PoE — Power over Ethernet
Power over Ethernet (PoE) delivers DC electrical power through standard Ethernet cables alongside data, eliminating the need for separate power supplies at each networked device. In AV installations, PoE simplifies cabling for cameras, IP intercoms, speakers, wireless access points, and control panels — often reducing installation cost and time significantly.
How PoE Works
PoE injectors or PoE-capable switch ports supply voltage (typically 44–57 VDC) over the Ethernet cable. The powered device (PD) includes circuitry to detect PoE presence, negotiate the power class, and convert the voltage to whatever the device requires internally.
The power sourcing equipment (PSE) — the switch port or midspan injector — first performs a detection handshake to confirm the connected device is a legitimate PoE device before applying power. This detection prevents damage to non-PoE equipment accidentally connected to PoE ports.

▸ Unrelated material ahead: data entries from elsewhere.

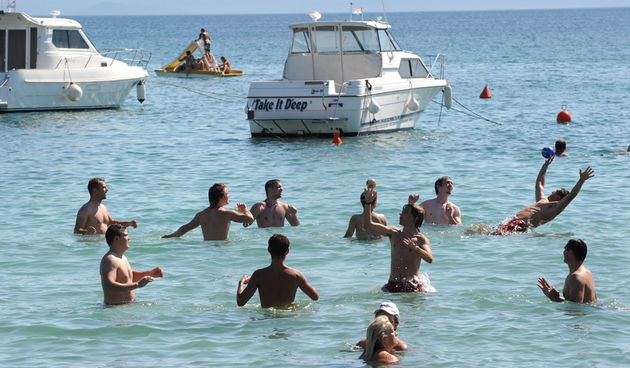 Zadar, 030811.
Na otoku Viru stalno boravi oko 3000 stanovnika dok se ta brojka ljeti poveca na cak 50.000 sto se vidi i po guzvama na plazama gdje se nema mjesta ni za rucnik.
Foto: Andrija Lucic / Cropix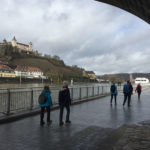 Singles am Main in Würzburg mit Blick auf Festung Marienberg und Käppele Rundwanderweg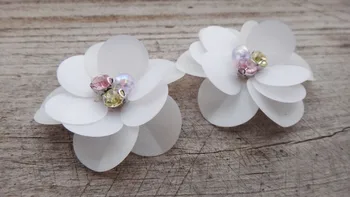 

10 pieces/lot Manual Nail Bead Sequined Flower Patch White Applique Shoes Clothing Wedding Dress Decorative DIY Accessories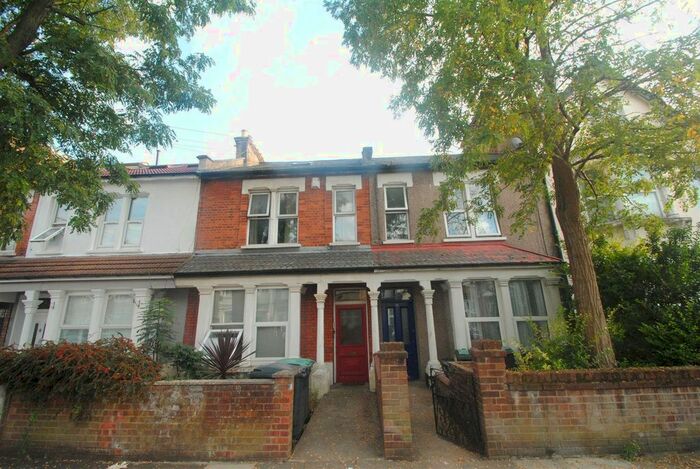 1 Bedroom Flat To Rent In Lascotts Road, Wood Green, London, N22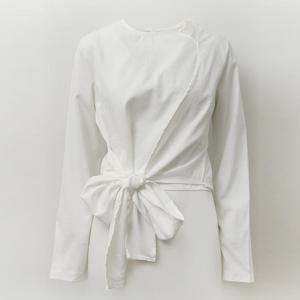 샵앤) 여성 사선 밑단 리본 블라우스 SIU-WBL-3891-아이보리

Power Negotiation (LLDP and CDP)
After the initial IEEE detection handshake, many devices use LLDP-MED (Link Layer Discovery Protocol — Media Endpoint Discovery) or Cisco's proprietary CDP (Cisco Discovery Protocol) to negotiate precise power requirements. This allows a device to request exactly the wattage it needs rather than negotiating to the maximum class wattage.
For example, a camera rated as PoE+ Class 4 (maximum 30W) might use LLDP-MED to negotiate for only 18W, freeing up PoE budget on the switch for other devices. This power negotiation happens automatically when both the switch and device support LLDP-MED.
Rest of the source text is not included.